Ektremizm ve radikallik kavramları günümüzde çoğunlukla eş anlamlı kullanılmakta. Bu alanda çalışan sosyal bilimciler ve Almanya’da Anayasayı Koruma Dairesi gibi kurumlar bu iki kavramı daha net ayırmaktadır. Bu bağlamda ekstremizm, radikalliğin aksine kendi düşüncesini var etme üzerine değil, düşman olarak telakki edilen unsuru bertaraf etme üzerine kuruludur. Dolayısıyla radikalliğin aksine ekstremizmin hiçbir yapıcı veya toleranslı yönü yoktur. Bu tanımlamalar göz önünde bulundurulunca radikallik ve ekstremizm kavramlarının denkleştirilmesinin ne denli sorun teşkil ettiği ortadadır. Bu yaklaşımlar aynı zamanda dünyada yaşanan sorunlara esaslı çözüm önerileri sunabilecek akımların önünü tıkamaktadır. Yukarda belirtildiği gibi pozitif radikalliğin eksikliği, demokrasilerin sağlıklı bir şekilde devam etmesini de engellemektedir. Ekstremizm ise yapıcı bir unsur barındırmaksızın var olan bir yapıyı (çoğu zaman devlet otoritesini) yıkmaya odaklanmıştır. Alman Anayasayı Koruma Dairesi de 1970’li yıllardan itibaren devlet otoritesini yıkmaya yönelik faaliyet gösteren yapıları “ekstremist” olarak tanımlamıştır ve bu tanımlama hâlâ geçerliliğini korumaktadır.
Radikallik ile ekstremizm arasındaki bu ayrımın birçok alanda çok da belirgin olmadığını hatırlatmakta fayda var.

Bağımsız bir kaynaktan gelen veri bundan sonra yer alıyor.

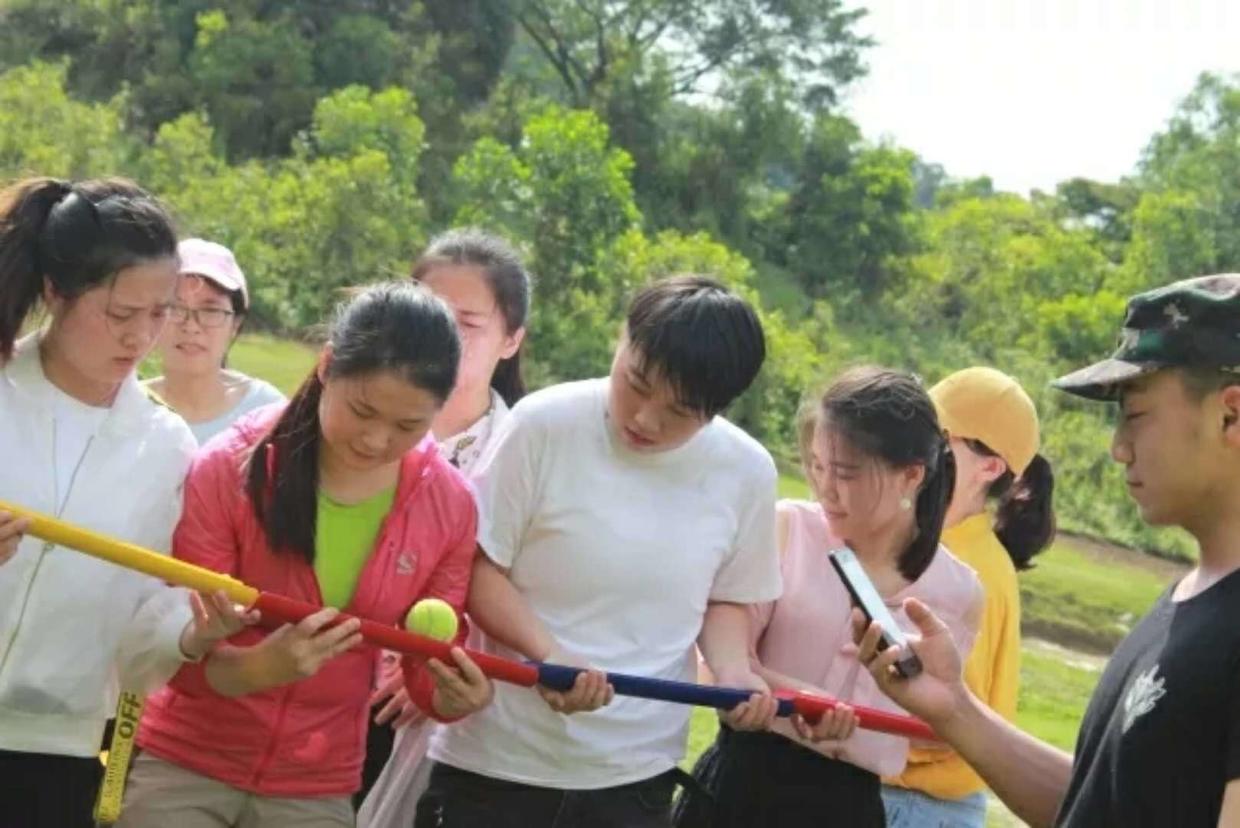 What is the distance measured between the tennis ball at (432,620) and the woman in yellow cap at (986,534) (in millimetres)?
1189

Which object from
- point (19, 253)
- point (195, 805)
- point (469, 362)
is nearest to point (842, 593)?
point (469, 362)

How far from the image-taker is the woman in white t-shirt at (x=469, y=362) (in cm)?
343

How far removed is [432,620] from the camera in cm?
291

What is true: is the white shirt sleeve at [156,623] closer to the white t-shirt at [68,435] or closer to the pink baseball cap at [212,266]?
the white t-shirt at [68,435]

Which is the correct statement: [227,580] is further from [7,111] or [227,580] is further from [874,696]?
[7,111]

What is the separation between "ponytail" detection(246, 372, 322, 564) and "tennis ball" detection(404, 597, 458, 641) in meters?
0.22

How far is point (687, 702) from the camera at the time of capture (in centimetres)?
308

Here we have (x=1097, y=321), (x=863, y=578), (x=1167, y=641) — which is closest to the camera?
(x=1167, y=641)

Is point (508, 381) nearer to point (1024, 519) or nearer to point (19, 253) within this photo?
point (1024, 519)

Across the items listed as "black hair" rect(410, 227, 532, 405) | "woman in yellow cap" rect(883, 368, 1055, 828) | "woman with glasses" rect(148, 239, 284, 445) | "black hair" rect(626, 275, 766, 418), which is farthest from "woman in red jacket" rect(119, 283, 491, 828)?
"woman with glasses" rect(148, 239, 284, 445)

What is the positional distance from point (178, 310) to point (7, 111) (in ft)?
56.3

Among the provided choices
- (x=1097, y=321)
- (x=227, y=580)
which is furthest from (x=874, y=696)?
(x=1097, y=321)

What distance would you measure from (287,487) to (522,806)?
0.77 metres

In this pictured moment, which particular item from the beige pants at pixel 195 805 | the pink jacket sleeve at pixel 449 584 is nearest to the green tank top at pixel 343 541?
the pink jacket sleeve at pixel 449 584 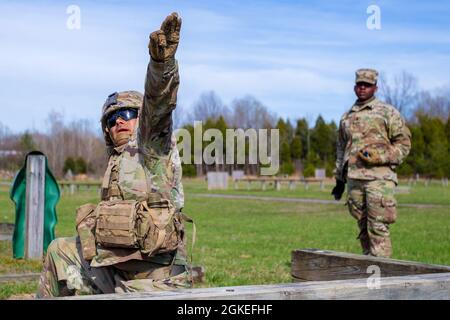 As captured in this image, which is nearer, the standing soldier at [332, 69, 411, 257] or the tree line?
the standing soldier at [332, 69, 411, 257]

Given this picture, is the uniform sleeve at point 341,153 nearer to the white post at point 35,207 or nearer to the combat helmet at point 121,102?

Oysa kavramların doğru kullanılmasına önem vermek, aynı zamanda o kavramları bilinçli bir şekilde istismar eden kesimlerin önüne geçmeyi sağlar. Kavramların köklerine inmek, gerektiğinde bağlamıyla birlikte tarihsel sürecini araştırıp ortaya koymak bugün her şeyden çok daha önemli. Aksi takdirde tanımlama üstünlüğü sürekli belli kesimlerin elinde kalacak ve haksızlığa maruz kalan bireyler, gruplar veya topluluklar hiçbir alanda özne hâline gelemeyecekler.
Kaynaklar
Junk, Julian (2018) Was ist Radikalisierung? Präzisierung eines Begriffs. Peace Research Institute Frankfurt / Leibniz-Institut Friedens- und Konfliktforschung.